▶ _DATA_
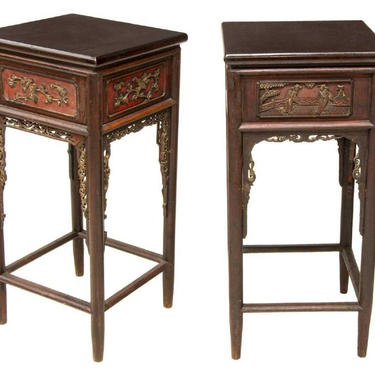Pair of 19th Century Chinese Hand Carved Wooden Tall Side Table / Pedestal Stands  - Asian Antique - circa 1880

* * *

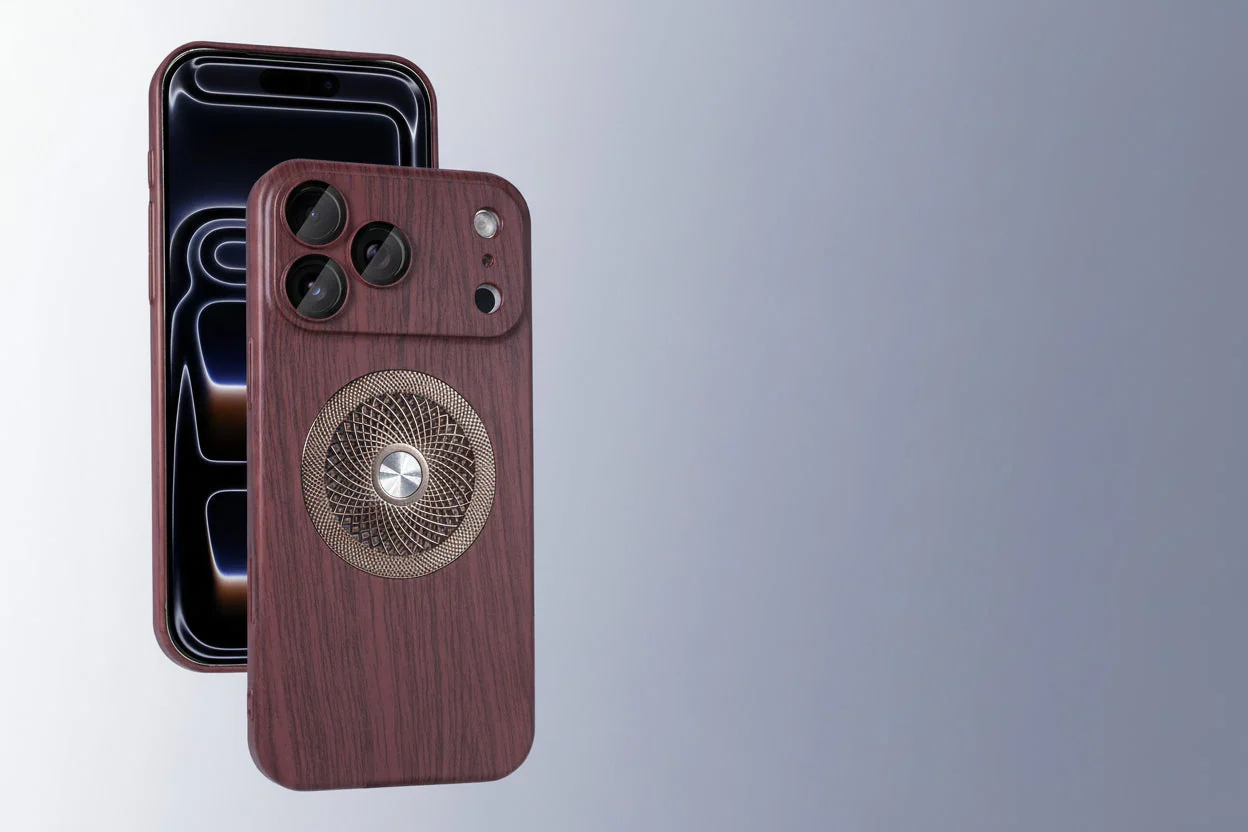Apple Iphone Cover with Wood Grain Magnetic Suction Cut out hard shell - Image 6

==

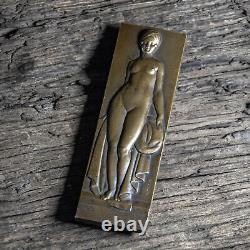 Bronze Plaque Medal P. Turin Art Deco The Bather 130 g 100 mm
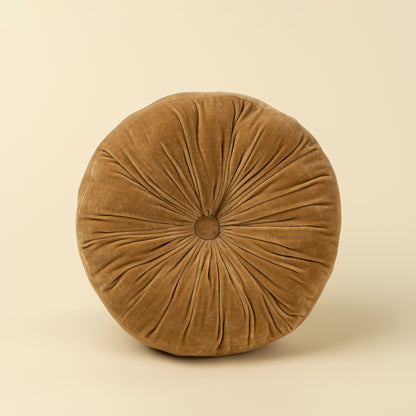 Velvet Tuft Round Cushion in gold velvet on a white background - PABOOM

▶ _ACTIVITY_
Reproduce, exactly and only, the lines of the records above starting at the line with "Bronze Plaque Medal" and ending at the line with "Velvet Tuft Round", both included. Leave every picture out.

▶ _RESULT BELOW_
 Bronze Plaque Medal P. Turin Art Deco The Bather 130 g 100 mm
 Velvet Tuft Round Cushion in gold velvet on a white background - PABOOM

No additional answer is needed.